● EXERCISE DETAILS: In the copy, include no images, and repeat each entry precisely as written.

● DATASET EXCERPTS:
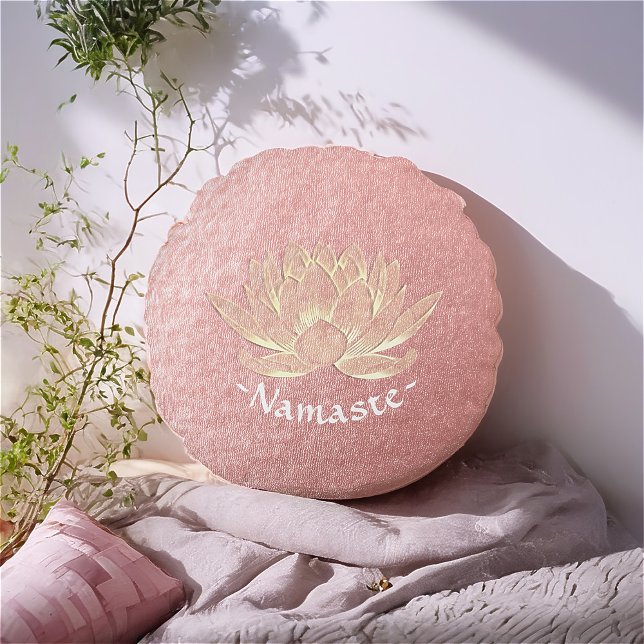 Almofada Redonda Instrutor de Meditação do Lotus Yoga Studio rosa D (Criador carregado)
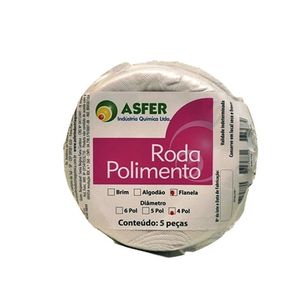 RODA DE FLANELA PARA POLIMENTO 4 POLEGADAS ¿ 10CM DE DIÂMETRO - ASFER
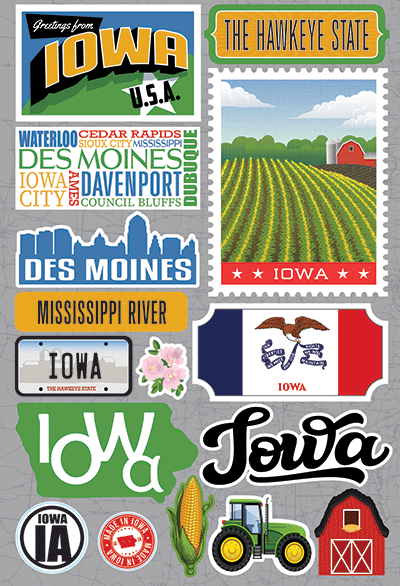 Reminisce Die Cut Stickers Jet Setters Iowa (JET-014)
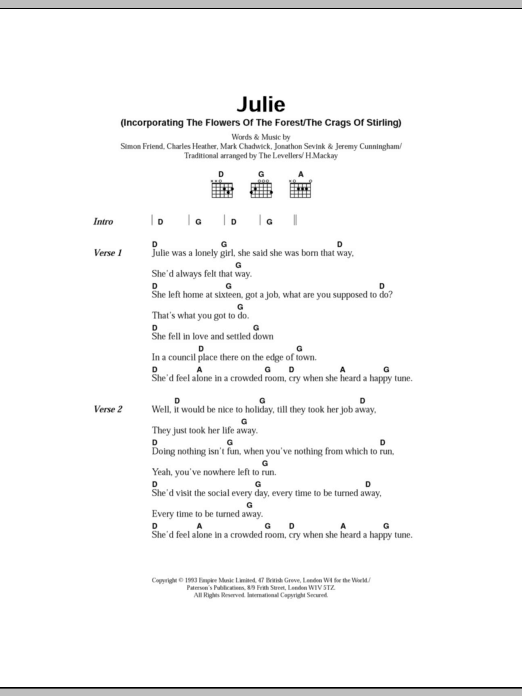 The Levellers Julie Sheet Music Notes & Chords for Lyrics & Chords - Download or Print PDF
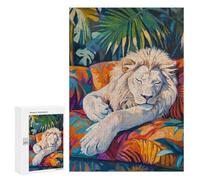 Rompecabezas 300 PCS para Adolescentes Sleeping White Lion Rompecabezas para Adultos Juego Práctico Pero Divertido Y Humorístico Regalo De Cumpleaños, Regalos, 300 PCS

● FINAL ANSWER:
 Almofada Redonda Instrutor de Meditação do Lotus Yoga Studio rosa D (Criador carregado)
 RODA DE FLANELA PARA POLIMENTO 4 POLEGADAS ¿ 10CM DE DIÂMETRO - ASFER
 Reminisce Die Cut Stickers Jet Setters Iowa (JET-014)
 The Levellers Julie Sheet Music Notes & Chords for Lyrics & Chords - Download or Print PDF
 Rompecabezas 300 PCS para Adolescentes Sleeping White Lion Rompecabezas para Adultos Juego Práctico Pero Divertido Y Humorístico Regalo De Cumpleaños, Regalos, 300 PCS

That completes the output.